If you follow through with the rule of “Meetings as the last resort, not the first option.”, you’ll reduce the number of meetings for your team in a big way. Your next task is to ensure that the meetings you actually have are productive. There are a few simple things you can do.

  1. Answer the big questions. What’s the purpose of the meeting and what’ll happen next? This should be clear on your meeting agenda. And yes, promise yourself never to set up meetings without an agenda. 

  2. Keep the size of the meeting down. Choose the smallest group of people necessary for the meeting and eschew blanket invites. Over eight people, and your meeting is likely to be a waste of time.  

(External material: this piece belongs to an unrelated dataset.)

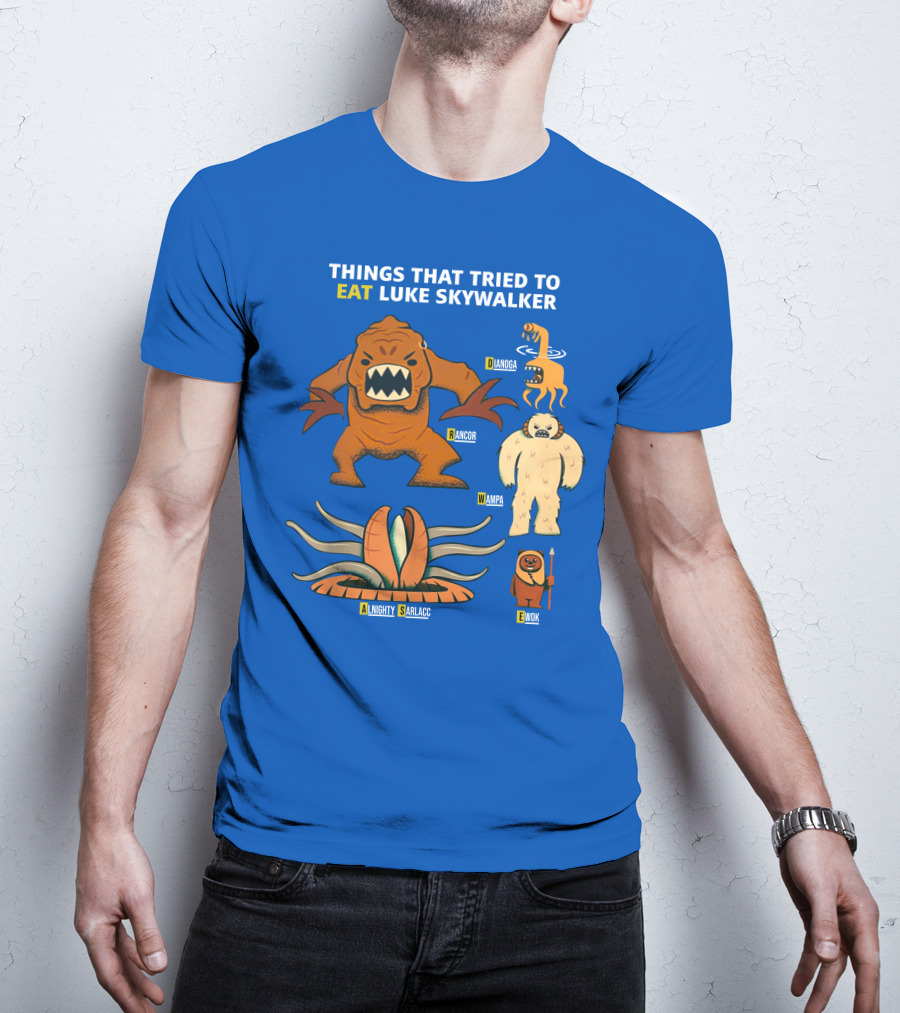 Things That Tried To Eat Luke Skywalker: Rancor, Wampa, Sarlacc, Sando Aqua Monster, Ewok T-Shirt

  3. Make it active. Don't waste time with presentations. Distribute the decks and videos in advance to save everyone's time. If people don’t have a reading habit, then set aside the first few minutes for people to consume the background information in silence. 

  4. Implement good decision hygiene. Guard against the anti-patterns of meetings where groups succumb to groupthink and bias cascades. Allow everyone the time to silently write their points of view about the decision before diving into an intense discussion. Determine the factors that should influence the decision and the weight-age each of them should carry. Delay intuition until you’ve allowed all the data and viewpoints to surface. Don’t let just System 1 run your meetings. 

  5. Document it for everyone else. You can use automated tools or DIY, but whatever you do, show empathy for the people who weren’t in the conversation. Make it easy for them to consume the outputs. Brevity, structure and simplicity are important characteristics of meeting minutes as well. Sending out just a meeting recording is insensitive. It’s an optional extra, but not a substitute for a succinct summary. 

And if I had to add one bonus tip, that’ll be to give people the autonomy to decline meetings. This ensures that if people believe they won’t add or derive value from a meeting, they can sit it out. You build an honest feedback loop about your meetings this way.